As stated in the blog post, “predictive analytics is the practice of extracting patterns from information to predict future trends and outcomes. Typically used as a decision-making guide, predictive analytics is steadily impacting the way in which governments will design and deliver public services to their citizens.”
The success of predictive analytics tools hinges on overcoming some key big data analytics challenges.
Firstly, they must consolidate and integrate data from across a range of sources, including complex legacy systems, isolated information groups, and data from external sources that maintain citizen information. With so many sources, the amount of data is overwhelmingly large.
To derive analyses and value from these systems, the key questions to ask are, ‘What information is important?’ And, ‘How do the pieces of information fit together?’

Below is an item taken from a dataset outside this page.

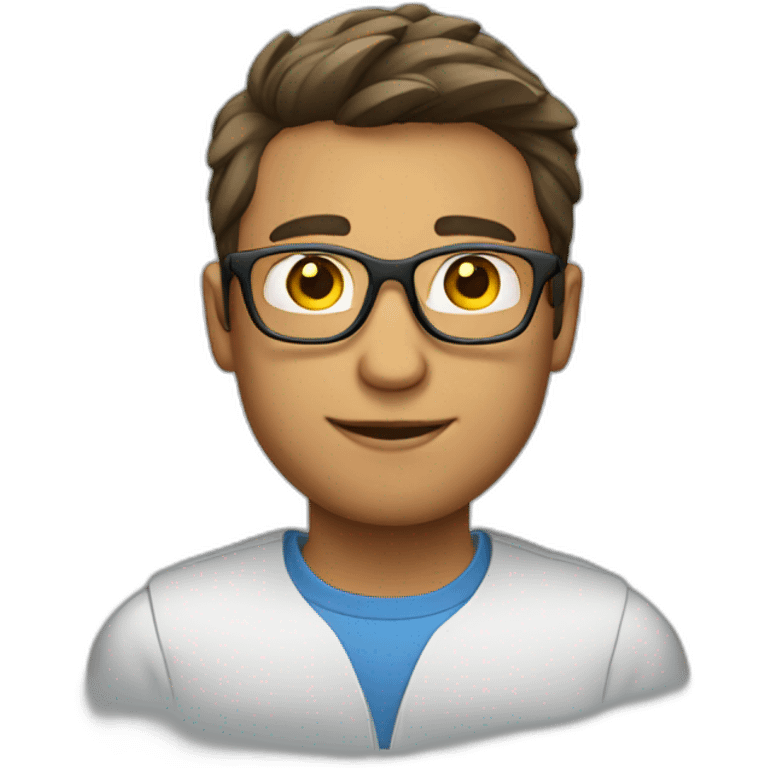 male programmer with glasses emoji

Historically, the big data wave has been poor at answering these questions, and reliance is still on human intervention to reach decisions, determine directions and remove the noise from the real message. The key for humans to navigate this effectively is to recognise patterns in the data, and this is where machines can assist.

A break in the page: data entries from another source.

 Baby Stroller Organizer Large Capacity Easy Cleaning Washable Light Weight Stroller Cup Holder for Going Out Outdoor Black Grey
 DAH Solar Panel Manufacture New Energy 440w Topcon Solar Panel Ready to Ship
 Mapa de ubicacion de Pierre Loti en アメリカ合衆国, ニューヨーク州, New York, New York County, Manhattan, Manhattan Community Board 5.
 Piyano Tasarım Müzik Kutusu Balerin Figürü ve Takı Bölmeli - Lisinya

Secondly, of the data landscape, 80% is unstructured data. That is, the data is contained in documents, emails, images or social media text-based posts rather than structured databases. Where structured databases provide a level of consistency in format and metadata, unstructured data requires a level of organisation prior to any analysis activity. The aim is to establish context and connections to structured data sources. This e-discovery activity can be complex and costly particularly in the review phase where traditionally every piece of data would have to be read by a human, sometimes involving armies of humans.
Taking some steps towards breaking through this challenge is the practice of predictive coding. This involves a level of machine intelligence where systems are taught by human subject matter experts to gather data, perform analysis and make decisions about what is relevant. In large, complex information environments, machines are taught to do the heavy lifting which in the long run can cut the cost of e-discovery significantly. The downside of predictive coding is that media files like video, images and audio cannot be read.

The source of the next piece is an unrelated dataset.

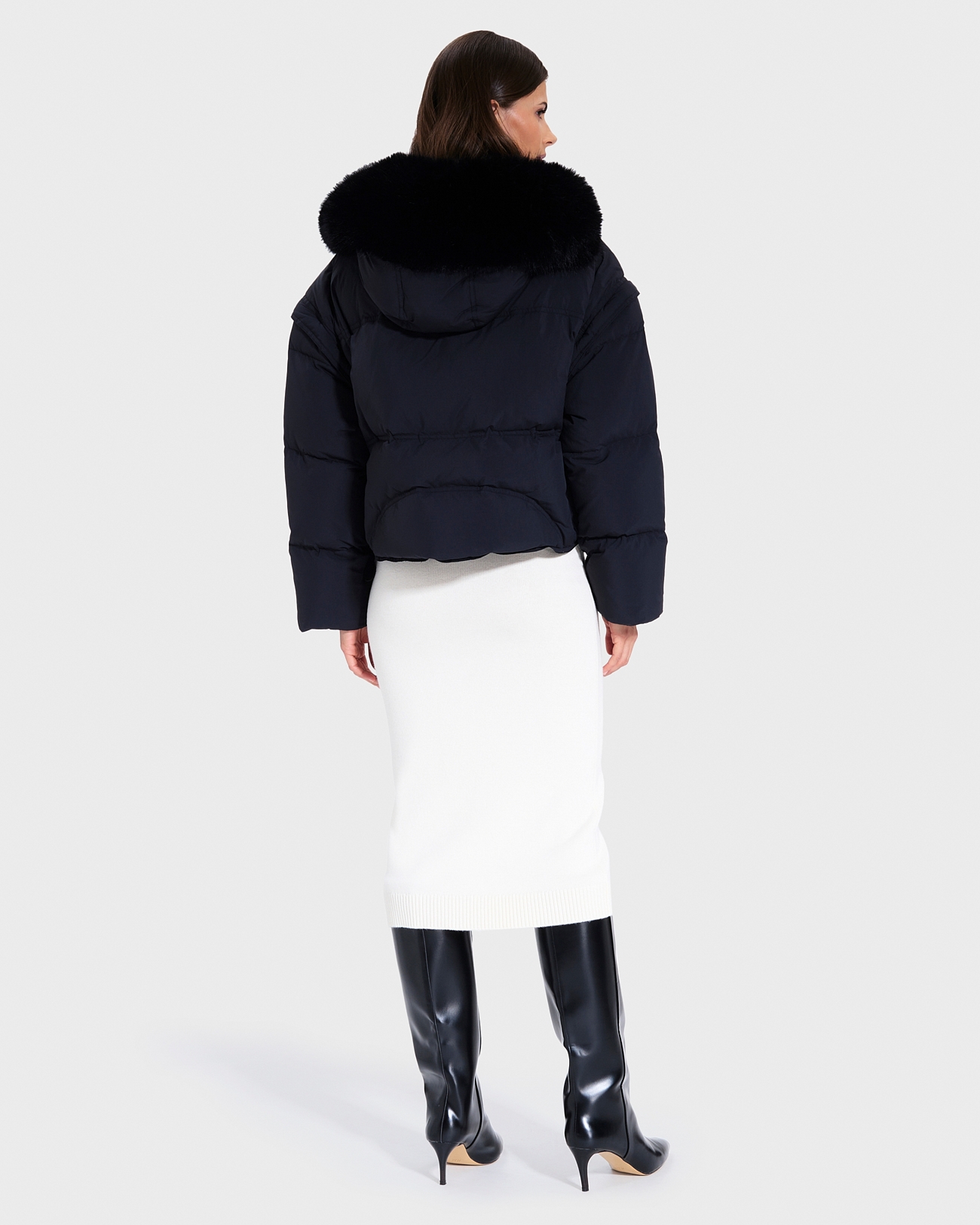Denitsa Down Jacket Black Short Down Jacket ZAPA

Another method of unstructured content organisation is automated metadata tagging for classification, description, indexing and management of content. In the case of automated tagging, a machine is taught via rules, suggestion-based tuning and previous experience to apply tags to content.
However, predictive coding and automated tagging highlight the third big data analysis challenge: imperfect data. As with all learning experiences, mistakes will be made by both machine and human. Humans must learn how to teach the machine, and the machine must go through the learning curve of understanding subject matter and reaching relevant conclusions.
But more significantly, the challenge of garbage in-garbage out remains at large. Because the machine is learning, if human input is incorrect, or there are errors in the source data, then the machine will arrive at incorrect conclusions. As a result, predictive coding and automated tagging are not completely trusted to deliver the same outcomes as a human eyeball activity.
And finally, there is the challenge of de-identifying data so that the identity of a person cannot be determined. This activity is often underestimated as conclusions are drawn around the importance and use of the data prior to release. A recent example was in New York City where taxi trip logs were made available. Within a short space of time, it was found that despite some anonomisation it could easily be determined who drove what vehicle, a driver’s gross income and where they live. There is ongoing debate about whether de-identification works and whether you can truly anonomise a dataset.
While there are no quick fixes or out of the box solutions to these complex problems, awareness and discussion are crucial to moving towards resolution. In particular, progressively overcoming the unstructured data issue would mean a significant contribution to the data landscape.